The molecules in the Escentric Molecules fragrances are in a special category. Most aroma-molecules are great for special effects, but they have a linear scent-profile. This means they lack the complexity and beauty of a natural extract. A natural extract is like a fully-formed fragrance designed by nature. It can have anywhere from two to a hundred or so different molecules in it, all contributing to its scent-profile. The molecules I choose for Escentric Molecules are nuanced and complex, and in this way, more like natural extracts. They are rare, which is why I have always said that the Escentric Molecules series won't go on forever.
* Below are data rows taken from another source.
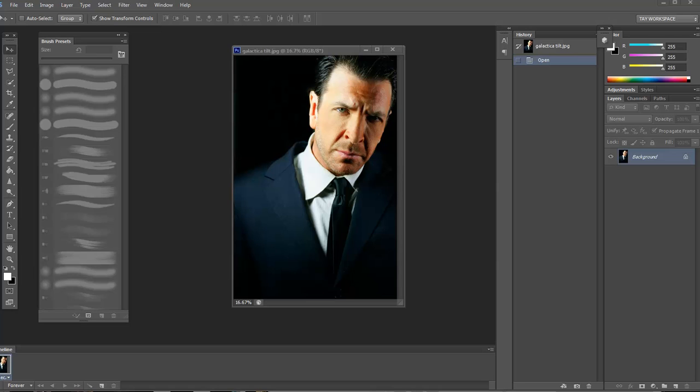But what if you could add a shadow to an image very quickly, very easily, and even adjust the way that it looks? I'm going to show you how to do it right now. Take a look.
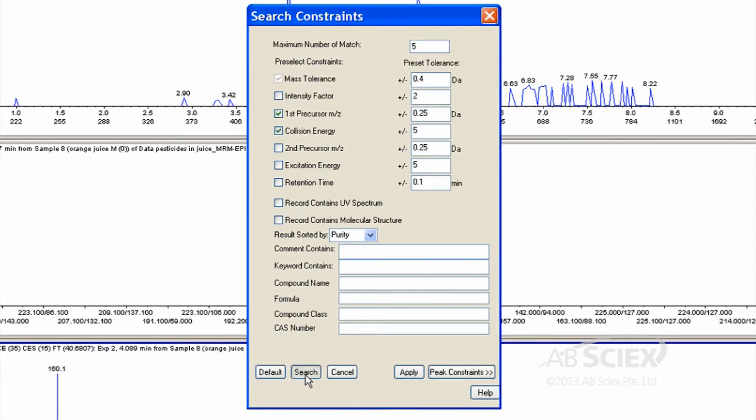Note that you only need to set up these library search parameters once. They will default to the values you enter for each subsequent library search. That means for any later searches, you will just need to right-click in the EPI Spectrum pane and select Search.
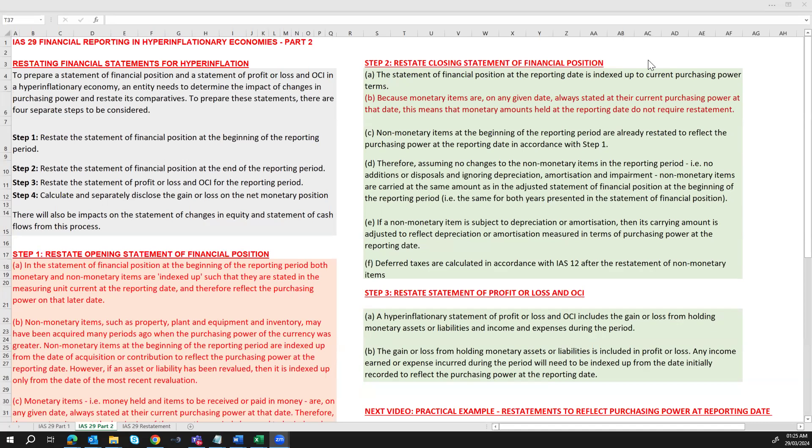Hello and welcome back to my YouTube channel. In this video we're going to continue from IAS 29 Financial Reporting in Hyperinflationary Economies Part 2. Our focus will be on restating financial statements for hyperinflation — to prepare a statement of financial position, and a statement of profit or loss and other comprehensive income (OCI) in a hyperinflationary economy.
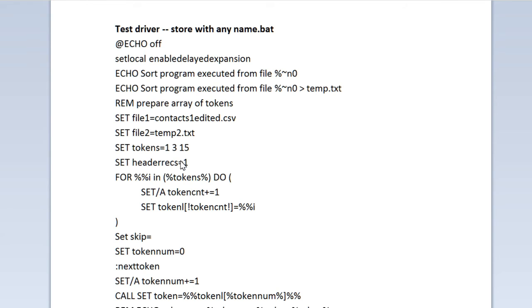Header records, you need to set to tell the program how many header records are in the file that need to be ignored when sorting. The header records are preserved and they are present in the output file, but they are not sorted along with the records. That's why you need to specify the number header records.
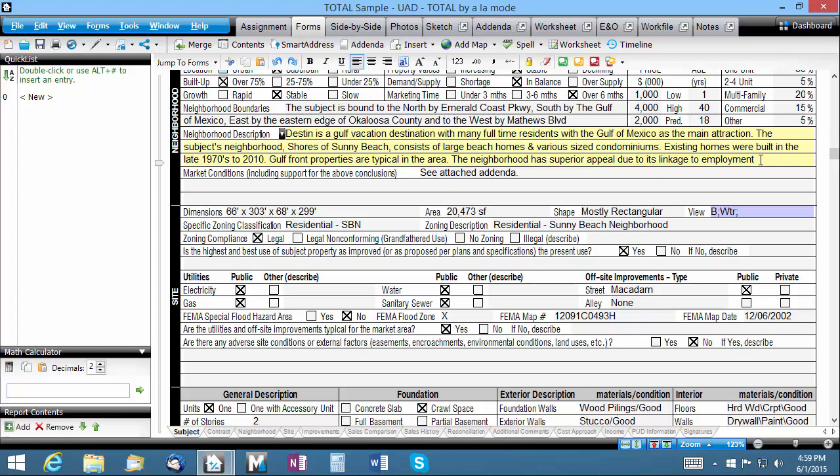Have you ever been typing in a comment field and gotten to the end of the available space when you only had a few words left to say? What about wanting to overflow text to the comment block on your major form instead of to the addenda? You can do both of these things and more with Total's built-in text overflow options.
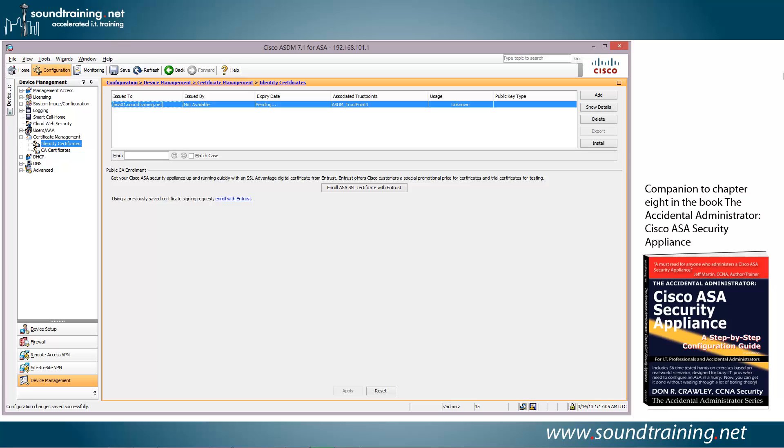So it took about 20 minutes for Digicert to respond, and that's going to vary from one certificate authority to the next, so you'll have to wait for however long it takes. We did have to do some confirmation. We got an email wanting to confirm that we're in control of that particular domain name, soundtraining.net, and I confirmed that. But all totaled about 20 minutes.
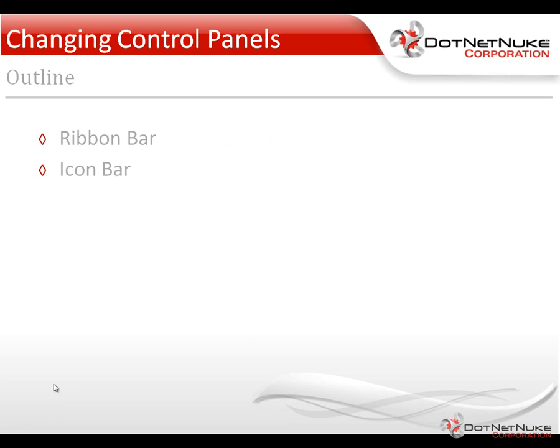Starting in .NET Nuke version 5.4, both the community and professional edition, a new control panel was provided called the ribbon bar control panel. This replaced the older format called the icon bar.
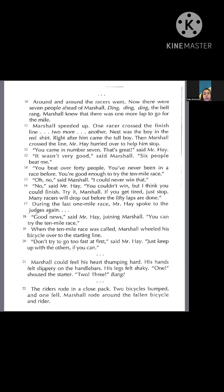During the last one-mile race, Mr. Hay spoke to the judges again. "Good news," said Mr. Hay, joining Marshall. "You can try the 10-mile race." When the 10-mile race was called, Marshall wheeled his bicycle over to the starting line. "Don't try to go too fast at first," said Mr. Hay. "Just keep up with the others, if you can." Marshall could feel his heart thumping hard. His hands felt slippery on the handlebars. His legs felt shaky.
The molecules I choose for Escentric Molecules are nuanced and complex – this is rare
Iso E Super is in a class of its own. This is partly down to its radiance, the way it warms up with your natural body chemistry and hovers around you the whole day. It’s pretty unique in the palette of perfumery ingredients, and inspires intense devotion in those who can smell it (some people can’t).
Ambroxan (Molecule 02) is a little less complex than Iso E but it has this special touch - an enormous mineral freshness. Ambroxan is nature-identical, which means it is created in the lab but is identical to a molecule found in nature, in this case a molecule found in ambergris, which is a substance produced in the gut of sperm whales and found floating in the ocean or washed up on beaches. Ambergris is no longer used in mainstream commercial perfumery. There’s simply not enough of it to guarantee supply, so you find it today only in niche fragrances. It is an unusual animal ingredient because its sensuality is very refined, very elegant. Ambroxan is by far the most beautiful of the aroma-molecules that make up ambergris, that's why I chose it for Molecule 02.
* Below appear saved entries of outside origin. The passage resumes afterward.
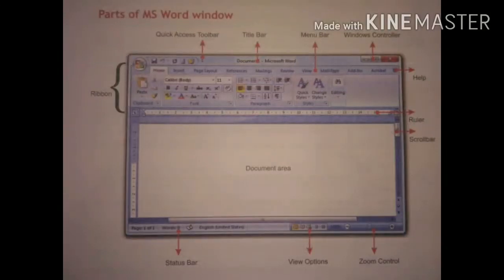Good morning children. In last class we learned about features of MS Word. Our next topic is parts of MS Word window. The first one is Quick Access Toolbar — it contains the most frequently used commands like Save, Undo, and Redo.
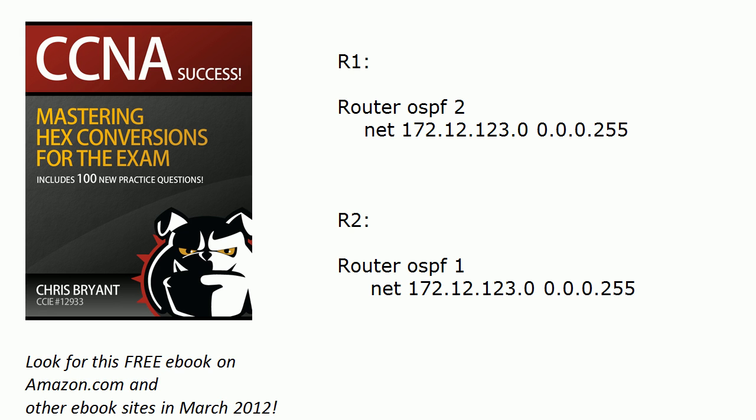And of course there's only one value that's different. So we're basically asking, does that value need to match between prospective neighbors in order to have an adjacency form?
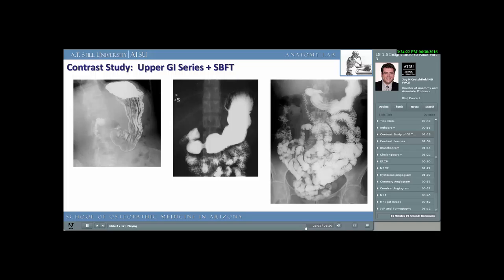Contrast studies are very commonly used and continue to be used today. They still offer a significant amount of information and often have a therapeutic as well as a diagnostic purpose. For example, a gastrographin enema can cause diarrhea, which may be the intended result if the patient suffers from a colon blockage or severe constipation. You'll see a lot of these studies as you progress through your training.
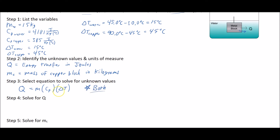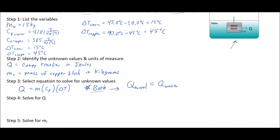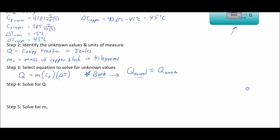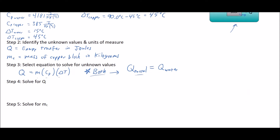What's special here is that the Q of the metal — in our case copper — is going to be equal to the Q of the water. Whatever energy leaves the metal block goes into the water, so the total energy transferred is equal for both. We're going to solve for water first because we have enough information to do so.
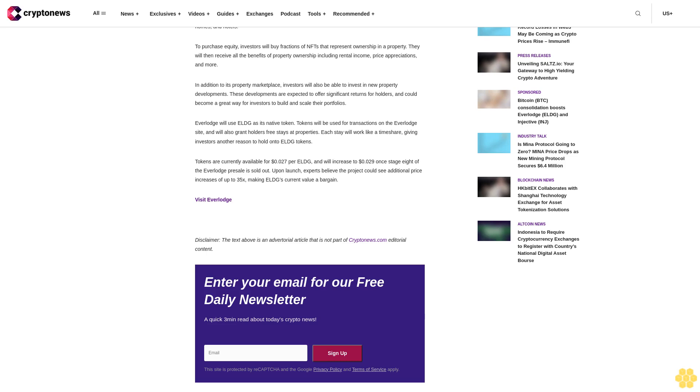Everlodge is the world's first DeFi marketplace for travel properties. Described as DeFi combined with Airbnb, the project lets everyday investors buy equity in travel properties such as villas, holiday homes, and hotels. To purchase equity, investors will buy fractions of NFTs that represent ownership in a property. They will then receive all the benefits of property ownership including rental income, price appreciations, and more.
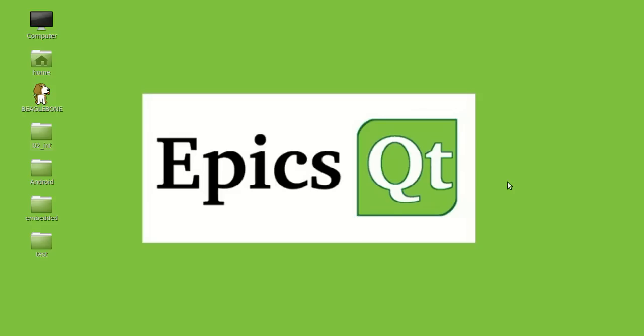Hello everyone, in this video we will see how to set up Qt Creator to deploy applications directly on BeagleBone Black via SSH.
Molecule 03 has the necessary complexity to stand alone because it is half-natural to start with. It is vetiver oil which has been acetylized to take away the leathery, bitter aspect of vetiver. The acetic acid also gifts something new to the vetiver in the process, a grapefruit note. This I love, especially in the way the grapefruit blends with the woody, warm character of the vetiver itself.
Javanol is a remarkable molecule – fresh, radiant, powerful, rosy and creamy
What’s outstanding about Javanol (Molecule 04) is its almost psychedelic freshness. Natural sandalwood is heavy, a base note, whereas Javanol is a sandalwood-type molecule that acts like a topnote yet is super-longlasting. It’s fresh, powerful, radiant, and with so many facets to it: a rosy aspect, a unique grapefruit freshness, and then this creamy sandalwood thing as well. It’s a remarkable molecule.